AKPli Cumuhrbaşkanı Erdoğan hükümetinin İslam İşbirliği Teşkilatı’nın (İTT) Hizmet Hareketi’ni bir terör örgütü olarak resmen tanımasına yönelik baskı ve girişimleri sonuçsuz kaldı.
15 Temmuz’un ardından 17 Ekim 2016 tarihinde Taşkent’te düzenlenen İslam İşbirliği Teşkilatı Dışişleri Bakanları toplantısında Türkiye’nin tezlerinin toplantı sonuç metnine girmesinden sonra umutlanan Erdoğan Hükümeti geçen 3 yılda üye ülkeleri bağlayıcı resmi bir karar aldırmayı başaramadığı gibi teşkilat nezdinde de etkisini büyük oranda kaybetti.
2016 yılındaki zirvede İİT genel sekreterliği, Türkiye’in bildiriye ekletmeyi başardığı kararın takibini yapmak için görevlendirildi ve bir sonraki zirveye genel sekreterin konu ile ilgili çalışmalar hakkında bilgi veren bir rapor sunması kararlaştırıldı.

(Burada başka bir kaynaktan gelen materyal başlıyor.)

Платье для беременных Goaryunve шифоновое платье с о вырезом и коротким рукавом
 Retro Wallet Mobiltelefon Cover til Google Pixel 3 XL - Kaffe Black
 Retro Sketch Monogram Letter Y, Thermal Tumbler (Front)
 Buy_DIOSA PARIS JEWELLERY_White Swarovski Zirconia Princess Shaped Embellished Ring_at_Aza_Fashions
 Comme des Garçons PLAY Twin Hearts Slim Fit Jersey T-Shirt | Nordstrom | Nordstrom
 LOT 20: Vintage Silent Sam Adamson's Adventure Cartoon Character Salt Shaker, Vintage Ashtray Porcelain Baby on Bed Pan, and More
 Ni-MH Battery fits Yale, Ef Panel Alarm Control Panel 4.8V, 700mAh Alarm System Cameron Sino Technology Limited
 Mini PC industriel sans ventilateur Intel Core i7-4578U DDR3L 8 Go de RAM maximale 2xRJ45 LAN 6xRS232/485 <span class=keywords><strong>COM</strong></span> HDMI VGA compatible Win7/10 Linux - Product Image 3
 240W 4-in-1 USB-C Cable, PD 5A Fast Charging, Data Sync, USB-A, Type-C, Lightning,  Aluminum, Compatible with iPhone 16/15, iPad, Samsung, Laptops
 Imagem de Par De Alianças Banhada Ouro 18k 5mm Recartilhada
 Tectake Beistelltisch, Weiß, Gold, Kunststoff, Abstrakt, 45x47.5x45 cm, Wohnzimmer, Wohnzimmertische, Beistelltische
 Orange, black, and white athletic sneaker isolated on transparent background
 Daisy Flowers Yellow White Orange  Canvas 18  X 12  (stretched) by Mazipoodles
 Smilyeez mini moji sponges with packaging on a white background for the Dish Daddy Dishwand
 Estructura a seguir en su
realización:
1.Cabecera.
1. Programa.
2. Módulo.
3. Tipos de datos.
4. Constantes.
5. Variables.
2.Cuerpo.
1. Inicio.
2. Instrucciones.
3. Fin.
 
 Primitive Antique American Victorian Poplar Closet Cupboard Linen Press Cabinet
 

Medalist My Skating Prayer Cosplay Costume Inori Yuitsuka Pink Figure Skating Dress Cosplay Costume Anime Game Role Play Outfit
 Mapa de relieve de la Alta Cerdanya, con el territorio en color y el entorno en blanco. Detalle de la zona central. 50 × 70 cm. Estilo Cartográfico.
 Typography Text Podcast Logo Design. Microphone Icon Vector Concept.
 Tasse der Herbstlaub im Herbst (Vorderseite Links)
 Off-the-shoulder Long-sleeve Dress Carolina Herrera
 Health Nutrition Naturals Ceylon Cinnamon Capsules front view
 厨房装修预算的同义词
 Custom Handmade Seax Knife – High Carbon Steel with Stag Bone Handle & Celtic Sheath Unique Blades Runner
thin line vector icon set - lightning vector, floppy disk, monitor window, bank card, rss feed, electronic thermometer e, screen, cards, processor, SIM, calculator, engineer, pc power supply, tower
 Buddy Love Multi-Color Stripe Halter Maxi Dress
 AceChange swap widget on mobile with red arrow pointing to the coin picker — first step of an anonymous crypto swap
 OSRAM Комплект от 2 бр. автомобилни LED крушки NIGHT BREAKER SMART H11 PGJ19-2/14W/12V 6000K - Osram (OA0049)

Ancak, İİT Genel Sekreteri Ahmad Al-Othaimeen, 2017 yılında Abidjan’da (Fildişi Sahili), 2018 yılında Dakka’da (Bangladeş) ve 2019’da Abu Dabi’de (BAE) düzenlenen zirvelerde konu ile ilgili bir rapor sunmadı.
Genel Sekreter ayrıca İİT Şartı’nın 18. Maddesi’nin kendisine tanıdığı yetki çerçevesinde herhangi bir İİT kurumunu görevlendirmedi ve bu konuda çalışmalar yürütmesi için bir görevli tayin etmedi.İngilizce yayın yapan Nordic Monitor’ün ulaştığı diplomatik kaynaklar, Genel Sekreter Al-Othaimeen’ın bu tavrıyla Gülen Hareketi’ne yönelik BM ve AİHM’den farklı bir bakışının olmadığını ve İİT’nin hareketi bir terör örgütü olarak tanımlamadığını teyit ettiğini aktardı.
Aynı kaynaklar 2008 yılında teşkilatın onayladığı İİT Şartı’nın 2. Maddesi İİT’nin tüm çalışmalarının uluslararası hukuk ve BM Şartı’na uygun olması gerektiğini bu sebeple teşkilatın BM organları, AB kurumları ve AİHM içtihatlarıyla çelişen bir karar almak istemediklerini iletti.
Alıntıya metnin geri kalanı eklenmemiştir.